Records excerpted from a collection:
*** Begin section ***
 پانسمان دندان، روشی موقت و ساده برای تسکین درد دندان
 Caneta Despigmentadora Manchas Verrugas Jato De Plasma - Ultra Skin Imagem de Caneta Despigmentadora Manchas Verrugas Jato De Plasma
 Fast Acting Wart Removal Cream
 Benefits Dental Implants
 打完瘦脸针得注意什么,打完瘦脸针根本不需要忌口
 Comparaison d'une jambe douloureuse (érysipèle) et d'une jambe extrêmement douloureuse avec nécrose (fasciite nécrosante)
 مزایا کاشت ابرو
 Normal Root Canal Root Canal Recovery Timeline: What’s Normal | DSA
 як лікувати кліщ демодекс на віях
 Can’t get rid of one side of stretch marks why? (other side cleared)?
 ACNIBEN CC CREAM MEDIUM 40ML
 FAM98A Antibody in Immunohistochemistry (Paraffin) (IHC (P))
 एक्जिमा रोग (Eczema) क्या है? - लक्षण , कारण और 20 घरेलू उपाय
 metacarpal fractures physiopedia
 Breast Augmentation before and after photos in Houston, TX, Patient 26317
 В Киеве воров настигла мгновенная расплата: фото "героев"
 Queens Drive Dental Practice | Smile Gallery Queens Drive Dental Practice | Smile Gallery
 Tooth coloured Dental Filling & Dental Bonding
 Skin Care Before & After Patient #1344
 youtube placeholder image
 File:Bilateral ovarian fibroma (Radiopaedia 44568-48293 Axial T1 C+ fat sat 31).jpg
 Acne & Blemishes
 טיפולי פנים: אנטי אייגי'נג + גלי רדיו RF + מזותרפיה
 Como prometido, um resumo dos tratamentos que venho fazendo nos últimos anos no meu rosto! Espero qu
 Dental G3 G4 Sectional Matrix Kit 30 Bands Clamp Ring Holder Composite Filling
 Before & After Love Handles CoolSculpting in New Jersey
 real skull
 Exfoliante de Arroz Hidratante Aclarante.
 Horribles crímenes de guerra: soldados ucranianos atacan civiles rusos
*** End section ***
Problem to work on: What is needed is the data above, output in full and exactly as it stands.

Written response:
 پانسمان دندان، روشی موقت و ساده برای تسکین درد دندان
 Caneta Despigmentadora Manchas Verrugas Jato De Plasma - Ultra Skin Imagem de Caneta Despigmentadora Manchas Verrugas Jato De Plasma
 Fast Acting Wart Removal Cream
 Benefits Dental Implants
 打完瘦脸针得注意什么,打完瘦脸针根本不需要忌口
 Comparaison d'une jambe douloureuse (érysipèle) et d'une jambe extrêmement douloureuse avec nécrose (fasciite nécrosante)
 مزایا کاشت ابرو
 Normal Root Canal Root Canal Recovery Timeline: What’s Normal | DSA
 як лікувати кліщ демодекс на віях
 Can’t get rid of one side of stretch marks why? (other side cleared)?
 ACNIBEN CC CREAM MEDIUM 40ML
 FAM98A Antibody in Immunohistochemistry (Paraffin) (IHC (P))
 एक्जिमा रोग (Eczema) क्या है? - लक्षण , कारण और 20 घरेलू उपाय
 metacarpal fractures physiopedia
 Breast Augmentation before and after photos in Houston, TX, Patient 26317
 В Киеве воров настигла мгновенная расплата: фото "героев"
 Queens Drive Dental Practice | Smile Gallery Queens Drive Dental Practice | Smile Gallery
 Tooth coloured Dental Filling & Dental Bonding
 Skin Care Before & After Patient #1344
 youtube placeholder image
 File:Bilateral ovarian fibroma (Radiopaedia 44568-48293 Axial T1 C+ fat sat 31).jpg
 Acne & Blemishes
 טיפולי פנים: אנטי אייגי'נג + גלי רדיו RF + מזותרפיה
 Como prometido, um resumo dos tratamentos que venho fazendo nos últimos anos no meu rosto! Espero qu
 Dental G3 G4 Sectional Matrix Kit 30 Bands Clamp Ring Holder Composite Filling
 Before & After Love Handles CoolSculpting in New Jersey
 real skull
 Exfoliante de Arroz Hidratante Aclarante.
 Horribles crímenes de guerra: soldados ucranianos atacan civiles rusos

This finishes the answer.